**Source records**.

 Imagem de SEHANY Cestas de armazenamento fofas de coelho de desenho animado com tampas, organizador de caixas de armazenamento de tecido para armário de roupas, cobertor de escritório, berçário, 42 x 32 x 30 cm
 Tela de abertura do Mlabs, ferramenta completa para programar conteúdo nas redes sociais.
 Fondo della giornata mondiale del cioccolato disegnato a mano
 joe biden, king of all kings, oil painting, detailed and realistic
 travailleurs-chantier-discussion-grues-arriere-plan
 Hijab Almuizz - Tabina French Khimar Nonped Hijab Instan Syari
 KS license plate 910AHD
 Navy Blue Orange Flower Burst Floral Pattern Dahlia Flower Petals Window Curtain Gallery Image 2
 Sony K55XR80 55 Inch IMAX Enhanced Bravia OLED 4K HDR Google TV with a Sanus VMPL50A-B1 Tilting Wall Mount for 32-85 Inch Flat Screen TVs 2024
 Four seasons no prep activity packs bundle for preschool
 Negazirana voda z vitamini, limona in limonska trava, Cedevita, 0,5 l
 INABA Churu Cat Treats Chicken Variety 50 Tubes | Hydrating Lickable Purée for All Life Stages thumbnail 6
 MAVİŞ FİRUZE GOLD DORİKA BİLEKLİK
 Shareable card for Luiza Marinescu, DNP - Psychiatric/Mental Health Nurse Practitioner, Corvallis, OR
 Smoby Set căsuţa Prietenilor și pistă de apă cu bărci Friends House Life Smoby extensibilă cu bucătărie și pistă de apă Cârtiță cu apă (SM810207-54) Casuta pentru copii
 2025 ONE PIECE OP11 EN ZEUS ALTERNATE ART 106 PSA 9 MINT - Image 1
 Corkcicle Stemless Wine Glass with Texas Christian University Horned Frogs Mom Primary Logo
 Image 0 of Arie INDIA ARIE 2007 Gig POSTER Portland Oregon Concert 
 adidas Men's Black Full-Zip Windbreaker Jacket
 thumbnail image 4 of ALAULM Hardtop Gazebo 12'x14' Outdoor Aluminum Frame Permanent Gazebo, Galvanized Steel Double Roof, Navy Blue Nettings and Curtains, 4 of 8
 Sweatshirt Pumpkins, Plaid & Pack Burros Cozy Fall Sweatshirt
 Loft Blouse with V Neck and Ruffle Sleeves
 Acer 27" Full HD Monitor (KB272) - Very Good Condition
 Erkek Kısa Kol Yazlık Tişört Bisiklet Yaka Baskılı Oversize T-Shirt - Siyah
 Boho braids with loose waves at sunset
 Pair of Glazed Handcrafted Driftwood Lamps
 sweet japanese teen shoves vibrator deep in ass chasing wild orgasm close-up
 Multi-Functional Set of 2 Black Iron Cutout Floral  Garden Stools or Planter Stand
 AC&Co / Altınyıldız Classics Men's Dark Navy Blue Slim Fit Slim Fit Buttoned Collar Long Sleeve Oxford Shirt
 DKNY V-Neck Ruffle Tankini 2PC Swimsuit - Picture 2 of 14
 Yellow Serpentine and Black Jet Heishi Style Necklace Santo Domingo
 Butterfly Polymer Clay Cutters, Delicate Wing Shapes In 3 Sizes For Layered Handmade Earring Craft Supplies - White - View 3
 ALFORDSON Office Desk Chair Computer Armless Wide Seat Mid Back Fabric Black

**Exercise brief**. With the line containing "Multi-Functional Set of" as the first and the final line of the records as the last, copy that span exactly and nothing more.

**Answer section**.
 Multi-Functional Set of 2 Black Iron Cutout Floral  Garden Stools or Planter Stand
 AC&Co / Altınyıldız Classics Men's Dark Navy Blue Slim Fit Slim Fit Buttoned Collar Long Sleeve Oxford Shirt
 DKNY V-Neck Ruffle Tankini 2PC Swimsuit - Picture 2 of 14
 Yellow Serpentine and Black Jet Heishi Style Necklace Santo Domingo
 Butterfly Polymer Clay Cutters, Delicate Wing Shapes In 3 Sizes For Layered Handmade Earring Craft Supplies - White - View 3
 ALFORDSON Office Desk Chair Computer Armless Wide Seat Mid Back Fabric Black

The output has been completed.